Edyta Górniak stwierdziła, że kłamała, gdy mówiła, że to Zapendowska nauczyła ją śpiewać.
Nigdy nie chciałam tego mówić. Mam kilka takich tajemnic, jeśli chodzi o show-biznes. Ela mi kiedyś pomogła i ja postanowiłam za tę jedną pomoc też jej pomóc. Moja pomoc polegała na tym, że ja okłamałam całą Polskę, mówiąc, że Ela Zapendowska nauczyła mnie śpiewać. To jest nieprawda. Chciałam jej po prostu pomóc - stwierdziła w rozmowie z JastrzabPost.
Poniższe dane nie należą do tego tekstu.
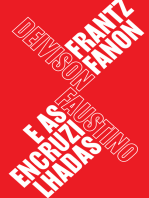 Frantz Fanon e as encruzilhadas: Teoria, política e subjetividade, um guia para compreender Fanon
Mogłam powiedzieć prawdę wiele razy. Mogłam to zrobić 15 lat temu, kiedy po raz pierwszy Ela zaczęła z niezrozumiałych mi powodów atakować moją osobę i także 10 lat temu, i 2 lata temu, i wiele razy... Ale uważam, że warto ludziom dawać szansę i wydaje mi się, że 15 lat czasu na to, żeby zaprzestać kłamstw i ataków to jest wystarczająco długi czas, szczególnie te dwa ostatnie lata, kiedy każdy z nas miał czas na głęboką retrospekcję i refleksję. Przepraszam, że was okłamałam, po prostu chciałam pomóc. Chciałam pomóc Eli z wielu powodów, takich osobistych, nie tylko dlatego, że lubię pomagać. I nie żałuję tego. Cieszę się, że mogłam Eli pomóc - wyznała.
Elżbieta Zapendowska w odpowiedzi na te słowa stwierdziła, że to była kwestia czasu, gdy usłyszy od piosenkarki kilka niemiłych słów na swój temat.
Całe życie pracowałam przy różnych produkcjach i nie muszę się bronić. Czekałam na to, kiedy ona mnie zaatakuje - powiedziała w rozmowie z "Co za tydzień".
Wypowiedziałam się o jej rodzicach, a ja znam tę historię, ponieważ mieszkałam kiedyś w Opolu i byłam świadkiem wielu spraw, więc czekałam tylko na jej atak. Spodziewałam się tego. Jeżeli ona tak pragnie gadać, to jest jej problem, nie mój - stwierdziła.